Archbishop Paavali introduced important reforms in Orthodox worship in Finland and through his public activities reshaped the image of Orthodoxy in a predominantly Lutheran country. His most important achievement, however, is the way in which he built Orthodox spirituality on a more clearly early-Christian foundation than had previously been the case.

As assistant bishop (1955 - 60) and archbishop (1961 - 87), Paavali (Gusev) accomplished notable reforms in Finnish Orthodox worship. He pruned it of both Slavic traits and of 'national' (i.e., in practice, Lutheran) characteristics adopted during the early years of Finnish independence and returned to the Greek-language traditions of the era of an undivided Christendom. To a remarkable extent, his public activities also reshaped Lutheran Finland's picture of Orthodoxy. For the Orthodox Church, Paavali was also an important church musician, and he also worked to develop ecumenical and international relations. According to many contemporaries, he was also a profound spiritual teacher. In assessments of Paavali, more attention has thus far been paid to his person than to his significance for the Finnish Orthodox Church. The latter aspect - the way in which he built the Orthodox Church in Finland on a more clearly early-Christian foundation than before - is, however, his most important achievement.
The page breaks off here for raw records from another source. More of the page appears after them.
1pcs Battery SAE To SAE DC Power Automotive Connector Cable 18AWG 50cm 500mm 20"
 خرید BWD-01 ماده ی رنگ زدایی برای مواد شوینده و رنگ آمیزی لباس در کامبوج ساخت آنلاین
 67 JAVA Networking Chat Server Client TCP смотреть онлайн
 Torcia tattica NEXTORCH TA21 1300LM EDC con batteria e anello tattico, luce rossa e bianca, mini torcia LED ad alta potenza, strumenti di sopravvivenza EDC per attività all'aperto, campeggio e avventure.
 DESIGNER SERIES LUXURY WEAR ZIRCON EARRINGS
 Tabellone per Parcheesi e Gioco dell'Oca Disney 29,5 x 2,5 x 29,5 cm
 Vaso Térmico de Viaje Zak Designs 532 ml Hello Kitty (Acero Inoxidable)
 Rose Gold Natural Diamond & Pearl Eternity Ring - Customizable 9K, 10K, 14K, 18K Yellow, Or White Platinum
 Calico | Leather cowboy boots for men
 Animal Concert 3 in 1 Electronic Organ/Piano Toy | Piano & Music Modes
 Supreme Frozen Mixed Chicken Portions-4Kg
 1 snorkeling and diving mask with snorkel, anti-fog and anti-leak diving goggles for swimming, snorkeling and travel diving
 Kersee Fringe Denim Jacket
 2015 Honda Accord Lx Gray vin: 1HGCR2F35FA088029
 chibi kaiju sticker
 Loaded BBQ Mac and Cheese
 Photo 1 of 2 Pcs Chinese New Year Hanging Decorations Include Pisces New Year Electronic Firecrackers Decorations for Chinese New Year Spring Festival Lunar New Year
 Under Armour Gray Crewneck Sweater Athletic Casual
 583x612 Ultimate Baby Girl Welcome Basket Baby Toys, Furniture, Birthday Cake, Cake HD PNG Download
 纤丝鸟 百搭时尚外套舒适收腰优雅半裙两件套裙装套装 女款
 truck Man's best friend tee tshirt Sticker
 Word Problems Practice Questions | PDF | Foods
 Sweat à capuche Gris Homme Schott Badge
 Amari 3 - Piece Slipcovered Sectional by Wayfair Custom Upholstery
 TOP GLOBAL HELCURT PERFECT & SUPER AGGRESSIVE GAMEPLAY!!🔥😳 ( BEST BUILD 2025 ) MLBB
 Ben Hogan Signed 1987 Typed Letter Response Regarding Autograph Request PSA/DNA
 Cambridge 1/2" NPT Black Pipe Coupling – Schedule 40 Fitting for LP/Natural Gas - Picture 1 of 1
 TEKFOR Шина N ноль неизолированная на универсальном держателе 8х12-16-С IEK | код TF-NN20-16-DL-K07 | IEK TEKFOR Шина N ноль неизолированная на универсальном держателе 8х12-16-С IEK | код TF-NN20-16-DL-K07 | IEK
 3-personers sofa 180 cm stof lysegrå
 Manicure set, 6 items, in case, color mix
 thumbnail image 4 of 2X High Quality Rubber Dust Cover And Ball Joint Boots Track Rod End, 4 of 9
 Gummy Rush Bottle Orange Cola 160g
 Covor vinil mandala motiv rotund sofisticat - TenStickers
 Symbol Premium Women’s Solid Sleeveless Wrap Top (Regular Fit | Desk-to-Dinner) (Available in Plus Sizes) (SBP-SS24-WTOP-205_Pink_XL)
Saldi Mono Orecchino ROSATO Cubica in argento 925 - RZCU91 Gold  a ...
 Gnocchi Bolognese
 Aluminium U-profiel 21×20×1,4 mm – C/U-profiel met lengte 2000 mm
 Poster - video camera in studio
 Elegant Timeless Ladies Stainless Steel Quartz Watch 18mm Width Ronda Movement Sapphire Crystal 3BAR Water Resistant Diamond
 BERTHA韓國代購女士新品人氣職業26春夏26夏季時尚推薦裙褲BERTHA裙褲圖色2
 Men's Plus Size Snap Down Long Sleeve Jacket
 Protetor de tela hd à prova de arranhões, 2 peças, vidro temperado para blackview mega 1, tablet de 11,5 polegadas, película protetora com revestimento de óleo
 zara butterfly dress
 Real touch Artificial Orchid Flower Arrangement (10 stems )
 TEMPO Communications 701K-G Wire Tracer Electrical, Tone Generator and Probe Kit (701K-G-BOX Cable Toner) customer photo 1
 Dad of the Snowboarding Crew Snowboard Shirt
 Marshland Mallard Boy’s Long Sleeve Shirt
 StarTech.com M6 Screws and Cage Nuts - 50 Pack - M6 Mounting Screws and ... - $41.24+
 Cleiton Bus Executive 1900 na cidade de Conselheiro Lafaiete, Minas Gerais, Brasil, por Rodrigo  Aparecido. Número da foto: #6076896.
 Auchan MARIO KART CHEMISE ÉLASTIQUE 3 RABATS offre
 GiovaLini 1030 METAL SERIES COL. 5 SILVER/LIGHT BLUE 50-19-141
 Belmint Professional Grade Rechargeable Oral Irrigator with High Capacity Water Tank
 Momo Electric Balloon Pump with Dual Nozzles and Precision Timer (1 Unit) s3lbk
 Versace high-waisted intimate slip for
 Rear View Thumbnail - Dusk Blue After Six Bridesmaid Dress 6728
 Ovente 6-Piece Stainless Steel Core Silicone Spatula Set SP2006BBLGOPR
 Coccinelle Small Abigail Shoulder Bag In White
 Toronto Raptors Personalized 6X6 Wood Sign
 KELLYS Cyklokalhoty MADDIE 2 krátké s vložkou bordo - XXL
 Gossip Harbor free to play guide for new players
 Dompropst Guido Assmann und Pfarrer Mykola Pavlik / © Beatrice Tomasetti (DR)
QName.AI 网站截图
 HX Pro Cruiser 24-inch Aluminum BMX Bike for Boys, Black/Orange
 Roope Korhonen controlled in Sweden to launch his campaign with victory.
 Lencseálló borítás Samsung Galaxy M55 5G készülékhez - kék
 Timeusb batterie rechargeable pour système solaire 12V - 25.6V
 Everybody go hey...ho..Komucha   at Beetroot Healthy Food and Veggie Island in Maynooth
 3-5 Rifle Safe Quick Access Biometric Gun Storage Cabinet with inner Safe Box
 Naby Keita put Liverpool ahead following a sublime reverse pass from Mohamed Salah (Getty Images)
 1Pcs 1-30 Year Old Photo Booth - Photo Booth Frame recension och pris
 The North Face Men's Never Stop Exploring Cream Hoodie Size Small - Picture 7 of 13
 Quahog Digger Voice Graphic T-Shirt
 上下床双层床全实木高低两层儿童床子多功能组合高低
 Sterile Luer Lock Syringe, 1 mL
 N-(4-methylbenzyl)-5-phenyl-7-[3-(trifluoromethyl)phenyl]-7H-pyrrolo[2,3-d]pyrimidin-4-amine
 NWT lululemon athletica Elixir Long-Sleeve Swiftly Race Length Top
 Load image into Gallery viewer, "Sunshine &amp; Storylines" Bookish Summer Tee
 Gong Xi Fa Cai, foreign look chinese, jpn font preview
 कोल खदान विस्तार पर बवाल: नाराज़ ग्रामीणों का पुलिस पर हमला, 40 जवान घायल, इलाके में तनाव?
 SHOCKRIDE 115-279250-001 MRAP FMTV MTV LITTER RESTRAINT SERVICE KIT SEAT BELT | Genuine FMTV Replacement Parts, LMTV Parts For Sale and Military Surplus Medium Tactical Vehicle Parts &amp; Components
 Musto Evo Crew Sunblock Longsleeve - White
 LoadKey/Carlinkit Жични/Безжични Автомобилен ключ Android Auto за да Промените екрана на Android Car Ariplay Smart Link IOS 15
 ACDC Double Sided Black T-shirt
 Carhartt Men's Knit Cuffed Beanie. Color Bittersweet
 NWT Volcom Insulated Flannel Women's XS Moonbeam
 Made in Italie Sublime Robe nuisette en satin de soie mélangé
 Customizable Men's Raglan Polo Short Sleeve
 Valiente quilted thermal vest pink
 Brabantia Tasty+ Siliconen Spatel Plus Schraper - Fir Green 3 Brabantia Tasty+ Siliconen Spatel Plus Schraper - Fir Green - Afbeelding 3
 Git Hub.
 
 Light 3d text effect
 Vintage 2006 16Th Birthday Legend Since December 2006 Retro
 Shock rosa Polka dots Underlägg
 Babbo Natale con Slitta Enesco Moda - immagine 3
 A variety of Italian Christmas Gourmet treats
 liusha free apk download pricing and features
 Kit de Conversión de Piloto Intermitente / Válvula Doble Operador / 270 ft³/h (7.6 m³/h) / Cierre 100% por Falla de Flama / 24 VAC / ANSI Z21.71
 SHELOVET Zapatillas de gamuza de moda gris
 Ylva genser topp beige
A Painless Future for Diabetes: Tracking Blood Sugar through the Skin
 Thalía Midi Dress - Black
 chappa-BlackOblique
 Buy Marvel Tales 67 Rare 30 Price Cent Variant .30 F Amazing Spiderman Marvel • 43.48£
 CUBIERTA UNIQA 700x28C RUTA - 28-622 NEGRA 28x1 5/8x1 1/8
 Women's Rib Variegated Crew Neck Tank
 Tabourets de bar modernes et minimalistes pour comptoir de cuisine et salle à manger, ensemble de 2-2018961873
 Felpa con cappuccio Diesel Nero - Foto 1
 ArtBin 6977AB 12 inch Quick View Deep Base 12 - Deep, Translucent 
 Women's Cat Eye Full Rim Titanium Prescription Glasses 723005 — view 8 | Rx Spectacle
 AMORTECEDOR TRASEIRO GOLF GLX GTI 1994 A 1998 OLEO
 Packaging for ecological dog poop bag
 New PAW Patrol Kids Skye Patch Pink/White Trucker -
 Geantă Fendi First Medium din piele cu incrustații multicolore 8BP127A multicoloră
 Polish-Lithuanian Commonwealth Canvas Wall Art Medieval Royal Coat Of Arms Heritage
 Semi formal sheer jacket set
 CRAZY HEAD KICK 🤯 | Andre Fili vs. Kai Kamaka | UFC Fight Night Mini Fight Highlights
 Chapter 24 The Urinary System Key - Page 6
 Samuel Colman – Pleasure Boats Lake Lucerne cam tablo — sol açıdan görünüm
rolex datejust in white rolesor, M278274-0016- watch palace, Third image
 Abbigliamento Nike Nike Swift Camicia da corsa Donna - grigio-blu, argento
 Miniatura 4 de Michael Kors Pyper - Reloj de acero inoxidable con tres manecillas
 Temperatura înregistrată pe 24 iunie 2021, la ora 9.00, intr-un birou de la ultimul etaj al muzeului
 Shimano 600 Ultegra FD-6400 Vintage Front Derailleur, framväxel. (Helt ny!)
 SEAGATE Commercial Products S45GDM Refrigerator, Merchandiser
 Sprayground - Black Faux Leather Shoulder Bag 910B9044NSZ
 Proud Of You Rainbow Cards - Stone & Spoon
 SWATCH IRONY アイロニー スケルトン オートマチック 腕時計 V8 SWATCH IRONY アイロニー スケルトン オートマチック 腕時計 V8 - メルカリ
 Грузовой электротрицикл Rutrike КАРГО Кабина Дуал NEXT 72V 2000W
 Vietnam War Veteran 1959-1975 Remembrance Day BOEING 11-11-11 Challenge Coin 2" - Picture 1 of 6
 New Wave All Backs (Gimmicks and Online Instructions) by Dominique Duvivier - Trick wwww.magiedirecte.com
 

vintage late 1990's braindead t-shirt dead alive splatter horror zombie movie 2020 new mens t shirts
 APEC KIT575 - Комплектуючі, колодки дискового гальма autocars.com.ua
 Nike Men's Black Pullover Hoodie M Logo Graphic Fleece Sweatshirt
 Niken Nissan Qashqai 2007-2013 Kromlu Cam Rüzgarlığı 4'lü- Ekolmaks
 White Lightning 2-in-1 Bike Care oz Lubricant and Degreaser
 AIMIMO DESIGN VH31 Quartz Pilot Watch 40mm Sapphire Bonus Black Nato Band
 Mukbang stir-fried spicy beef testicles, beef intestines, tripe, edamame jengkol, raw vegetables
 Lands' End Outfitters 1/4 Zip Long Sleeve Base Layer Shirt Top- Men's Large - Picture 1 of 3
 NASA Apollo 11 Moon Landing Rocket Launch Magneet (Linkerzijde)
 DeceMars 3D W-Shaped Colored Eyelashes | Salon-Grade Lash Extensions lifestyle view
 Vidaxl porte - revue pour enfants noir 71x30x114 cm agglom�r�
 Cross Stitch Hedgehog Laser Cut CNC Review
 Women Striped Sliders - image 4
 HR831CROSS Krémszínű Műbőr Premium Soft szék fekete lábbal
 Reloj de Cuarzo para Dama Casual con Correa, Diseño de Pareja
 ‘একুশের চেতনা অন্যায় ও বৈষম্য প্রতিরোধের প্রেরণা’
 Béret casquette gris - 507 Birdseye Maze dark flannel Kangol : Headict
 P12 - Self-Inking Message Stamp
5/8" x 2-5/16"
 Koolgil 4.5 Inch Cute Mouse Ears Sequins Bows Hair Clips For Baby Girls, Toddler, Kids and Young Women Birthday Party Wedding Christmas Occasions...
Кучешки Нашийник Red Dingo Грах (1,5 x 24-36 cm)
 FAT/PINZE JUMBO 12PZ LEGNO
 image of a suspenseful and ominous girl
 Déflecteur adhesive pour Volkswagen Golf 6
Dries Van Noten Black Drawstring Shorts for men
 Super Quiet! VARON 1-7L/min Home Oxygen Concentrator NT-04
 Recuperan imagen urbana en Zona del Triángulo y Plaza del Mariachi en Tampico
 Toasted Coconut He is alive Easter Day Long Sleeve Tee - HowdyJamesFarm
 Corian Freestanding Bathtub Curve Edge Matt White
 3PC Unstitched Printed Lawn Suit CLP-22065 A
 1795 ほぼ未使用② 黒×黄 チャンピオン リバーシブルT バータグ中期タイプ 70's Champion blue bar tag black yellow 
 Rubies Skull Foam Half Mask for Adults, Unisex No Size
Georgi Paavali Gusev was born in St Petersburg in 1914. Five years later, the family moved to Viipuri (Vyborg), finnicising its surname to Olmari. Georgi's first name was finnicised to Yrjö. In 1926 he entered the classical grammar school in Viipuri, but he cut short his studies after his father died in 1932. In the same year he entered the seminary at Sortavala, completing his studies there in 1936. After this, he did his military service.

During his time at the seminary, Yrjö Olmari led the students' choir and worked as deputy director of the choir at Sortavala (Orthodox) Cathedral. He also began to adapt Slavic-language religious vocal music and works by Russian composers. At the instigation of the then principal of the seminary, Nikolai Valmo (1890 - 1943; principal 1931 - 42), Olmari also became acquainted with the Valamo (Valaam) monastery, to which he transferred after his time at the seminary in late 1937. The following year he became a monk and was ordained as a monk in holy orders, being given the monastic name 'Paavali'.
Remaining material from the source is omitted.